Once VOC ships started delivering their ceramic loads more regularly in the 1610s, Chinese dishes did more than decorate tables,
fill sideboards, and perch atop wardrobes: they appeared on Dutch canvases. The earliest Dutch painting showing a Chinese
plate, by Pieter Isaacsz, was painted in 1599, several years before the first big auctions of captured Portuguese cargo were
making these objects available to Dutch buyers. The first painting to display a klapmuts is a still life by Nicolaes Gillis
painted two years later. Gillis has arranged a litter of fruits, nuts, jugs, and bowls on a table. To us it looks like any
other Dutch still life, but to a viewer in 1601, it featured a Chinese porcelain of the sort that only the wealthiest could
afford, and that most Dutch people had never seen in real life, let alone touched. Gillis could not have afforded to own the
piece he painted. It would be another two years before the cargo of the
San Iago
arrived in Amsterdam, and another decade before Chinese wares were priced within the reach of ordinary buyers. It is therefore
likely that he was painting it on commission for the owner: not just a still life, then, but the portrait of a prized possession.

By the middle of the seventeenth century, a Dutch house was a house decorated with china.

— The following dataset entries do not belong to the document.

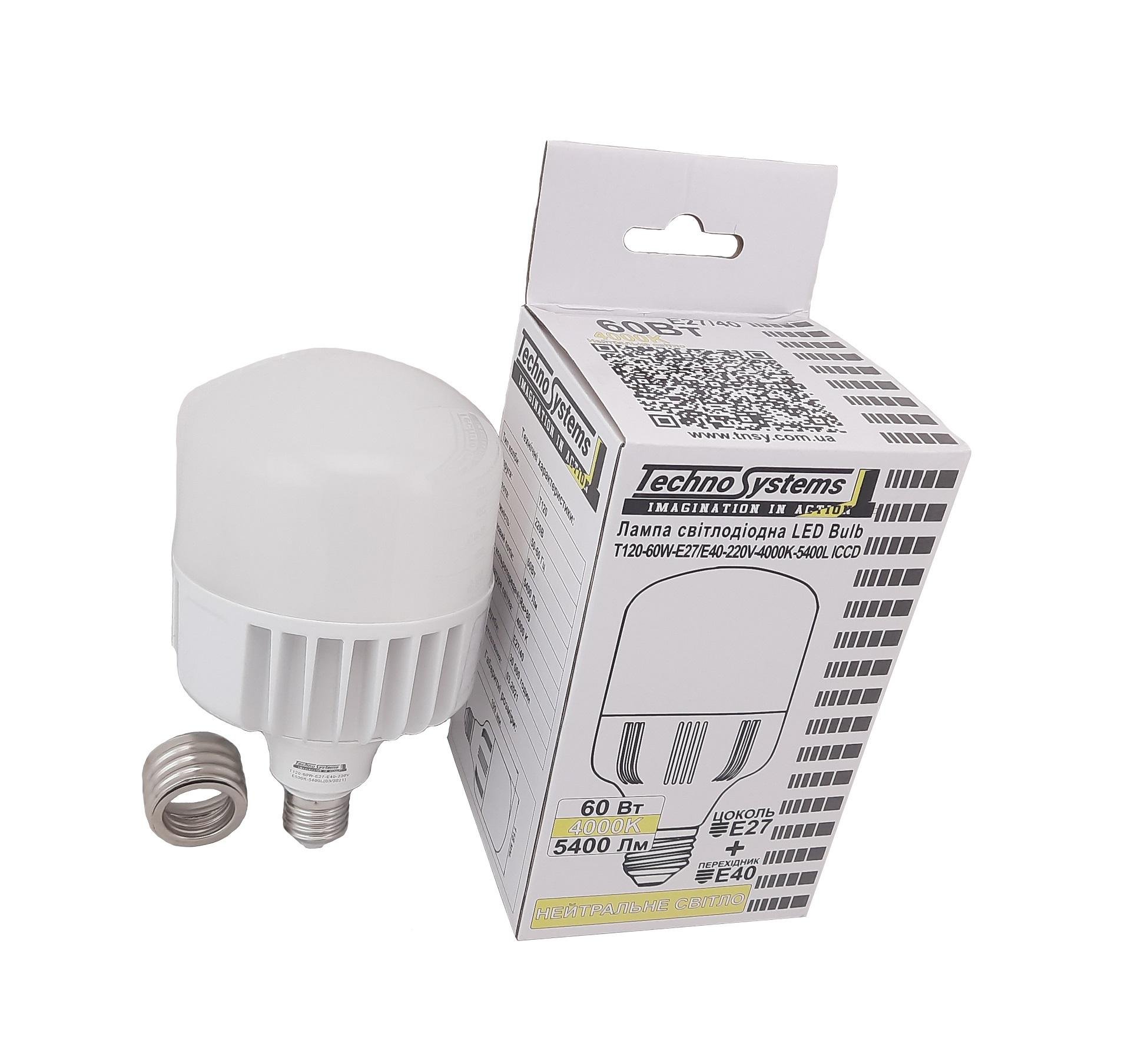 Лампа світлодіодна TechnoSystems LED Bulb T120 60Вт E27/E40 4000К 5400Лм ICCD TNSy5000512 - фото 4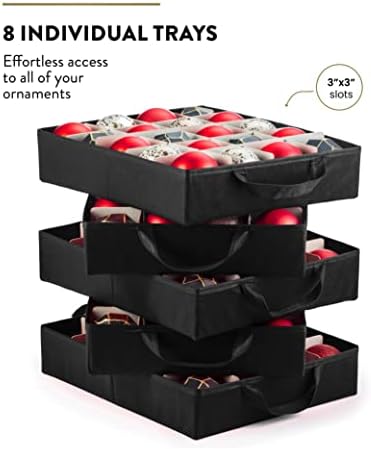 Premium Large Carrying Christmas Ornament storage Box with Clear Lid, 3" Compartment, Contains 10 Trays, Keeps 200 Holiday Ornaments & Xmas Accessories, Made Of Tear Proof Made Of 600D Oxford Fabric - Image 3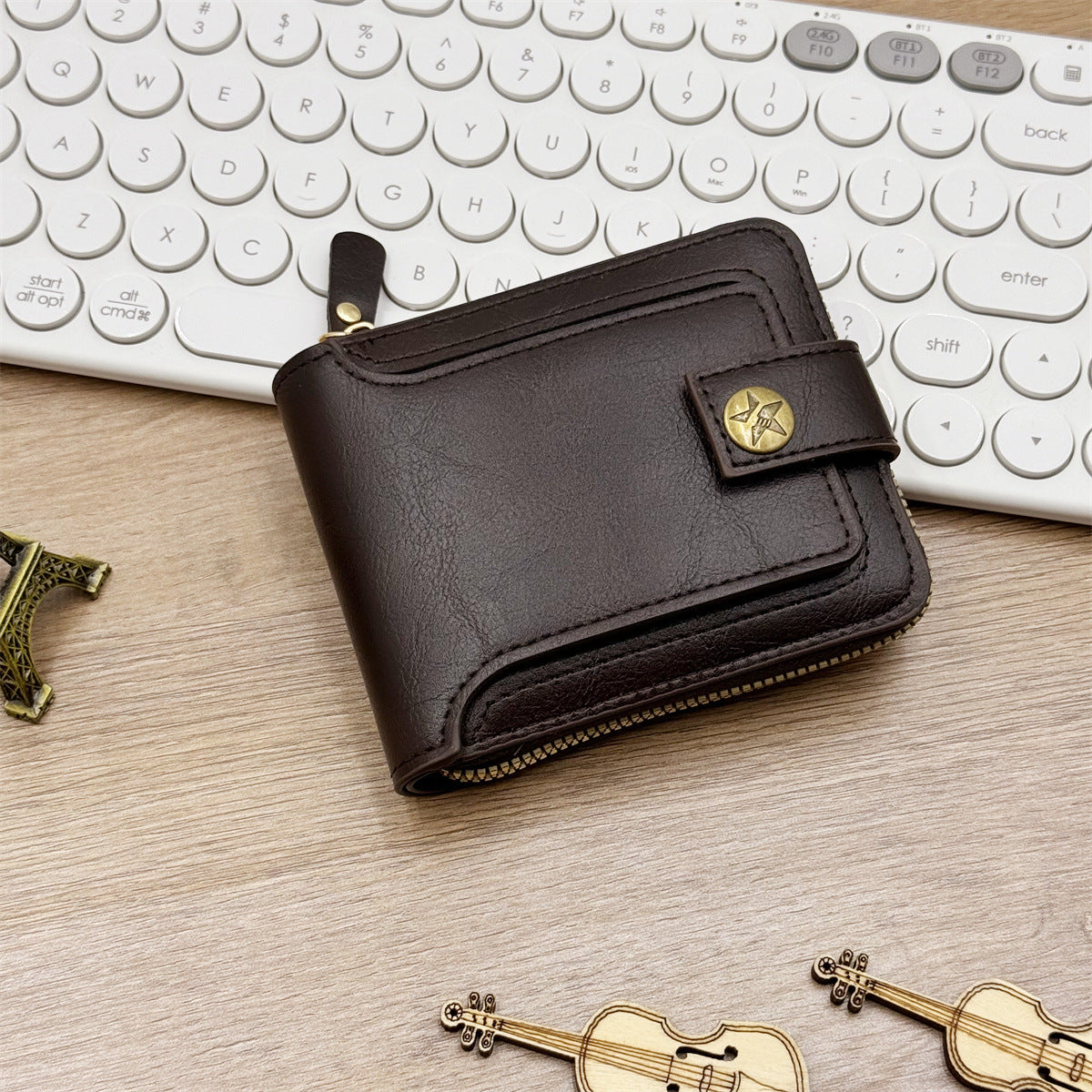 Cross-border hot selling retro men's wallet change storage Amazon explosive spot large capacity short zipper wallet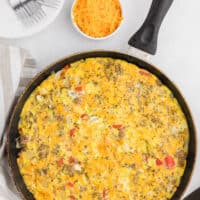 Sausage & Red Pepper Frittata - Sweet red peppers and savoury sausage are a delight together in this easy and delicious recipe. Served with a salad and fresh bread, it's the perfect quick weeknight meal!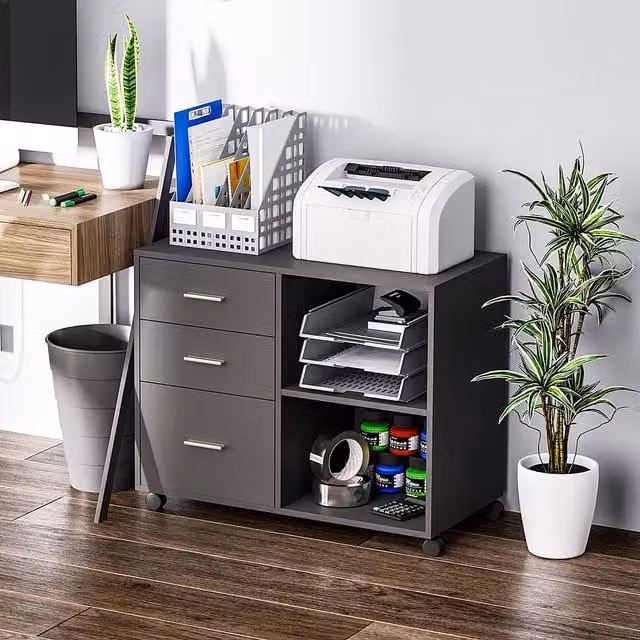 HOMCOM Modern Freestanding MDF Storage Cabinet in Grey and Black with Matt Finish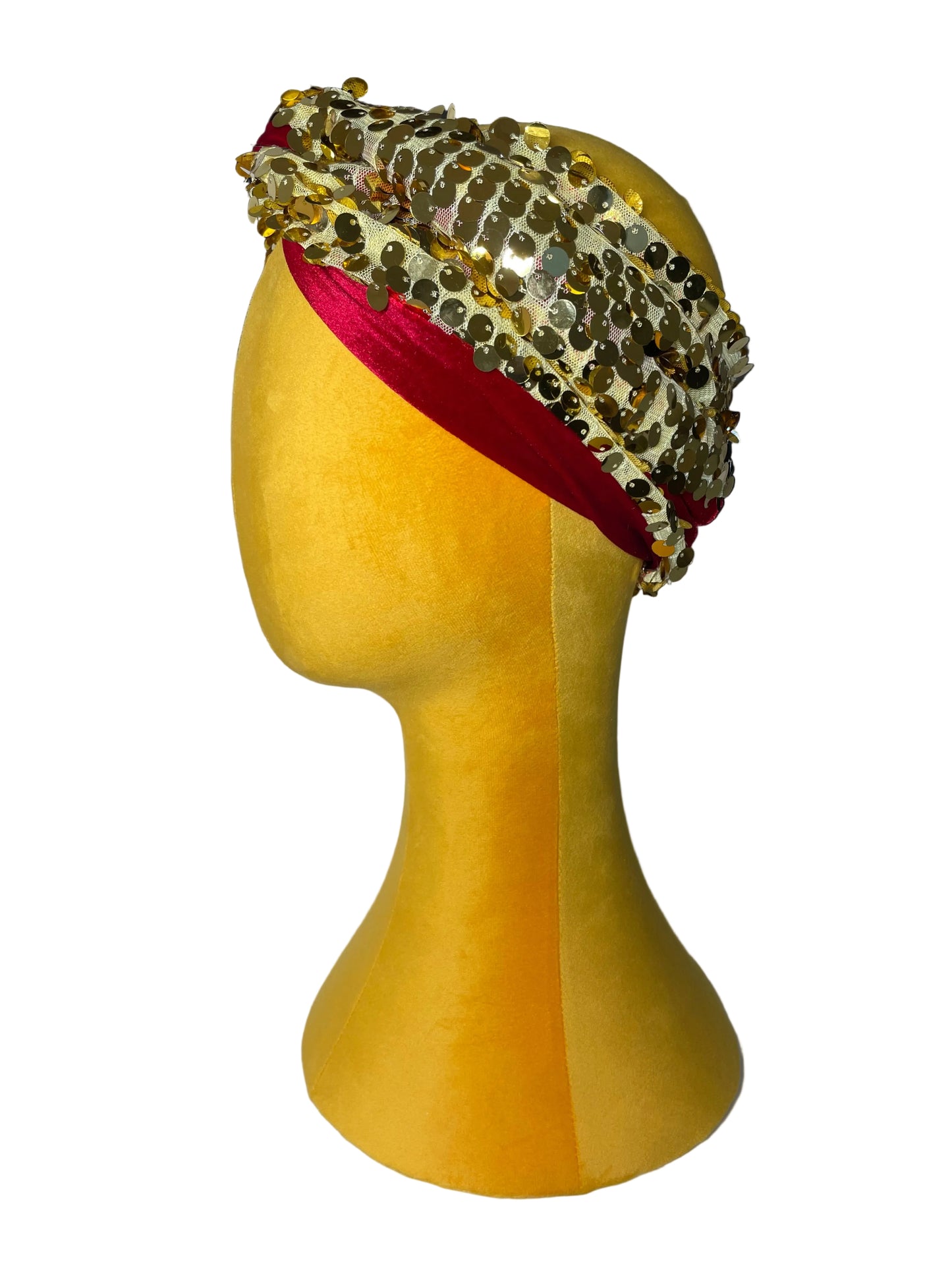 Red/Gold Sequin Head Wrap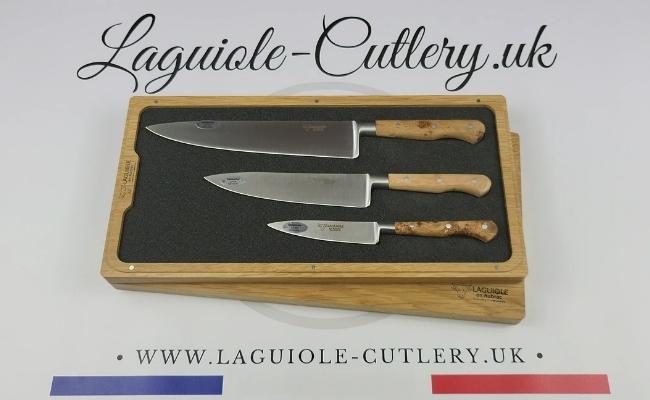 laguiole kitchen knives set of 3 juniper wood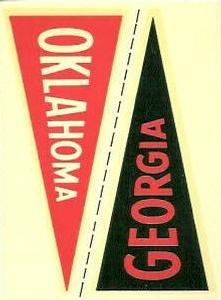 1960 Fleer - College Pennant Decals #NNO Georgia / Oklahoma Front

Art followed life, and painters
put Chinese dishes into domestic scenes to lend a touch of class as well as a patina of reality. In Delft, Chinese porcelain
started to become available before Vermeer’s lifetime. The flagship of the Delft Chamber of the VOC, the
Wapen van Delft
, sailed twice to Asia, returning in 1627 and 1629 with a combined load of fifteen thousand pieces of porcelain, some of which
would have remained locally. The largest personal collection in the city belonged to Niclaes Verburg, the director of the
Delft Chamber. Verburg could afford whatever his ships brought to Rotterdam and his barges floated up to Delft, for when he
died in 1670, he was the richest man in Delft.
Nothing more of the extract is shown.